Su presencia nos produce un rechazo visual y estético, que evitamos a toda costa, y tiene las mismas consecuencias que un martillo golpeándonos la cabeza. Es una imagen que queremos borrar y negar su existencia porque consideramos que desvirtúa el mundo en el que vivimos. En realidad, es una muestra de nuestra actitud despiadada hacia los demás y de cómo ese mismo sistema, que nos devora a base del trabajo y la necesidad continua de consumir y pagar, nos puede llevar un día a esa misma situación. Nunca pensamos en ello.

Las grandes ciudades siempre son más proclives a su existencia porque, precisamente, carecen de la solidaridad que sí se desarrolla los pueblos, donde sus habitantes tejen relaciones más afectivas y, de alguna manera, tienden a ayudar al necesitado.

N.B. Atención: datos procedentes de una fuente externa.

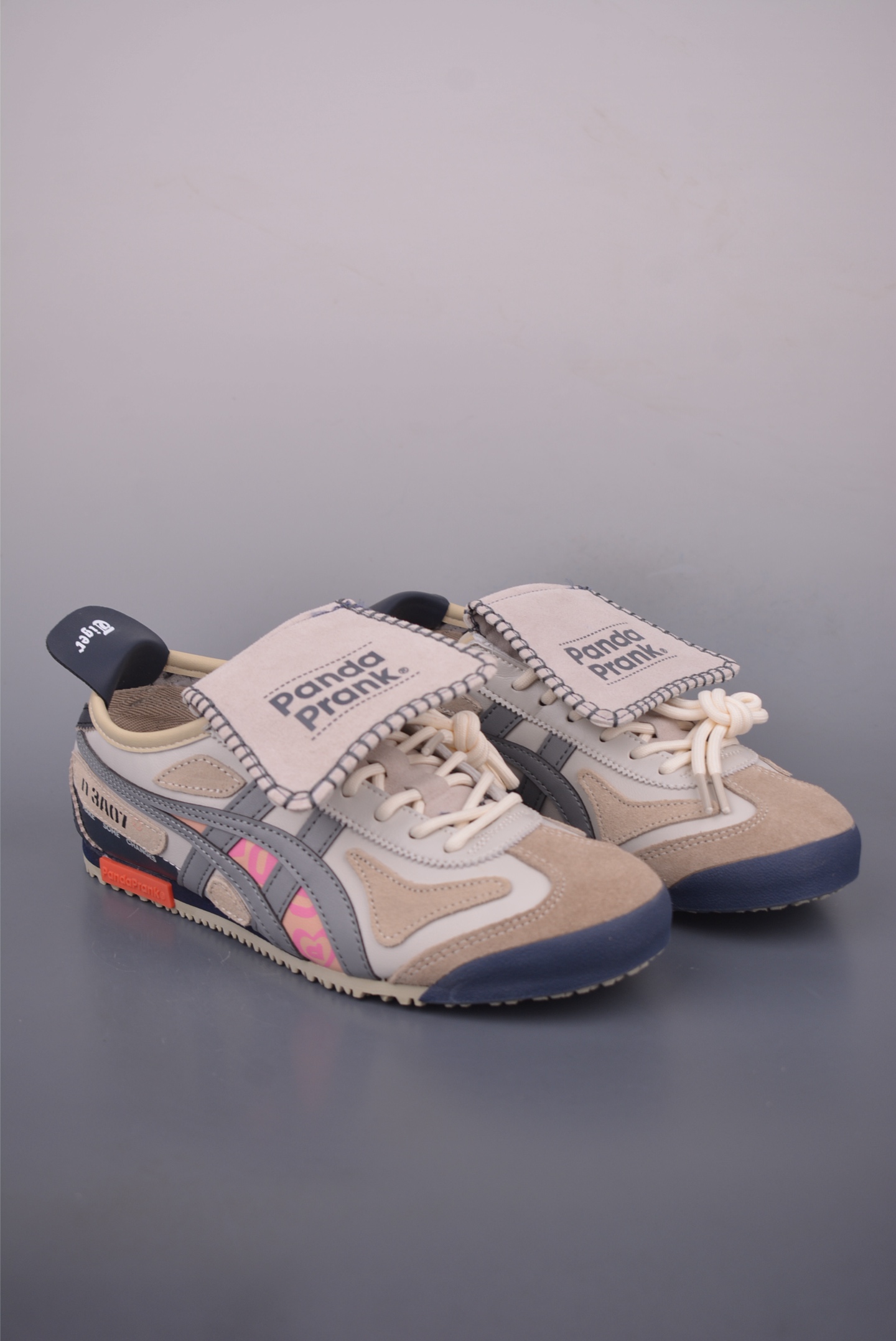 Onitsuka Tiger Mexico 66 'Panda Prank' Leather Low-Top Sneakers 2 i1755991794850 4193 0 0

No es que con ello solucionen el problema, pero actúan con más corazón y comprensión que en aquellas. Quizás, esto también tiene que ver algo con la actitud piadosa promovida por la religión, cuyo peso siempre ha sido evidente en esos ámbitos más rurales y que actúa como una forma de extirpar la culpabilidad impuesta por esa misma creencia con el fin de conseguir la redención.

Es humillante verse en esa condición, obligado a extender la mano para pedir unas monedas, con la esperanza de comprarte luego una barra de pan, o que alguien te deje algo de comida como si fuese un desperdicio. He visto caras destrozadas por el tiempo, sin dientes, sin recuerdos, con sus ojos a modo de fosas de un cementerio, esperando el día en que los cerrarán para no abrirlos jamás. Ellos, los vagabundos, ni siquiera levantan la cabeza para comprobar que los transeúntes ignoran tanto su presencia como su mano extendida, sucia y mugrienta, con la cual pretenden vivir de la caridad. Lo deleznable es que los consideran objetos deformes, atrapados en el hedor de su ropa vieja y de la suciedad.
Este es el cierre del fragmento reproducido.